P.S. If you run on Kil’Jaeden, keep an eye out for a DK named Moondawg.

 

On Cannibal Dwarves and Other Character Problems

So, I’m sitting in a living room with a bunch of people I know only marginally, next to a friend of mine that I’ve known for years. This is a role playing group my friend has been a part of for years, and the campaign has been long established. In an effort to speed things along, I’ve inherited a player character, a dwarf, who seems awesome on the page, then I’m told, “And he eats his own kind after they’re killed.”

Um. Okay.  I can roll with that. I mean, I don’t have to play it that way. It’s my character now, and that little oddity was far outweighed by an ability to kick serious bootay.

I should have known, though.

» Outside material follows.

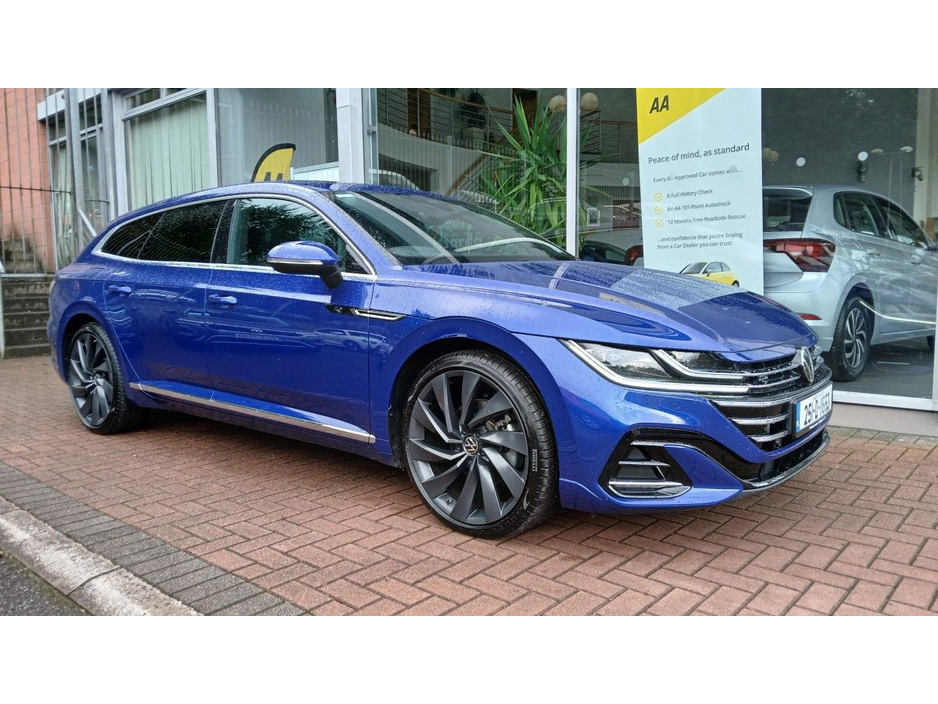 2025 Volkswagen Arteon 2.0TDI D7F 150HP R-LINE SHOOTING BRAKE, LAPIZ BLUE. €54,950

I really should have.

We proceed to play the game, and I start to realize that my character’s cannibalistic tendencies are the tip of the iceberg.  The next clue came when the game master brings in a non-player character who is supposed to be the group’s guide, the priest of some god…and he hates everyone.  And I mean everyone.  Come to find out, this guy is the group’s guide because they are cursed by said god for defiling its temple.

I figure, okay, I can roll with that, too. I like non-heroic characters. This could be fun.

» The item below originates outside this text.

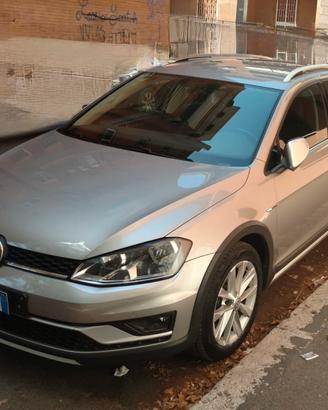 Volkswagen Golf Variant Alltrack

And then one of the other players decides that his character is going to go perform basically a home invasion on a farm nearby. A couple of other players decide to go with him, and about half the room toddles off to have their jollies, and just when I think I can roll with that too, the first guy decides he’s going to rape the women at the farm.

Yes. He insisted on role-playing it. And yes, the GM let him.

I don’t know about you, but…seriously?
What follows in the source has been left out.